UNPUBLISHED
UNITED STATES COURT OF APPEALS
FOR THE FOURTH CIRCUIT
No. 15-4462
UNITED STATES OF AMERICA,
Plaintiff - Appellee,
v.
PATRICK GERARD CHAMBERS, a/k/a P-Chains,
Defendant - Appellant.
Appeal from the United States District Court for the Western
District of North Carolina, at Charlotte. Robert J. Conrad,
Jr., District Judge. (3:13-cr-00263-RJC-2)
Submitted: January 29, 2016 Decided: February 9, 2016
Before NIEMEYER, DUNCAN, and FLOYD, Circuit Judges.
Affirmed by unpublished per curiam opinion.
Steven T. Meier, MEIER LAW, Charlotte, North Carolina, for
Appellant. Amy Elizabeth Ray, Assistant United States Attorney,
Asheville, North Carolina, for Appellee.
Unpublished opinions are not binding precedent in this circuit.
PER CURIAM:
Patrick Gerard Chambers appeals his conviction and sentence
imposed by the district court after he pled guilty to conspiracy
to distribute and possess with intent to distribute cocaine
(Count 1) and crack cocaine (Count 2), possession with intent to
distribute and distribution of cocaine (Count 28), and
possession of a firearm in furtherance of a drug trafficking
crime (Count 40).
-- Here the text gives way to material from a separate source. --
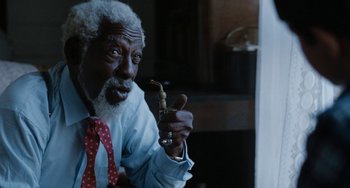 Movie still from “The Black Stallion” (1979), directed by Carroll Ballard – An older man holding a pipe in his mouth; Close Up shot, Low angle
Counsel filed a brief pursuant to Anders v.
California, 386 U.S. 738 (1967), stating that he has found no
meritorious grounds for appeal but raising potential issues
regarding the sufficiency of the evidence and the Government’s
authority to file a downward-departure motion. Although advised
of his right to do so, Chambers has not filed a pro se
supplemental brief. We affirm.
Chambers first challenges the sufficiency of the evidence
for the § 924(c) charge. A knowing, voluntary, and intelligent
guilty plea “conclusively establishes the elements of the
offense and the material facts necessary to support the
conviction.” United States v. Willis, 992 F.2d 489, 490 (4th
Cir. 1993). However, “it is well settled that a defendant may
raise on direct appeal the failure of a district court to
develop on the record a factual basis for a plea [in accordance
with Rule 11(b)(3)].” United States v. Ketchum, 550 F.3d 363,
366 (4th Cir. 2008) (internal quotation marks omitted).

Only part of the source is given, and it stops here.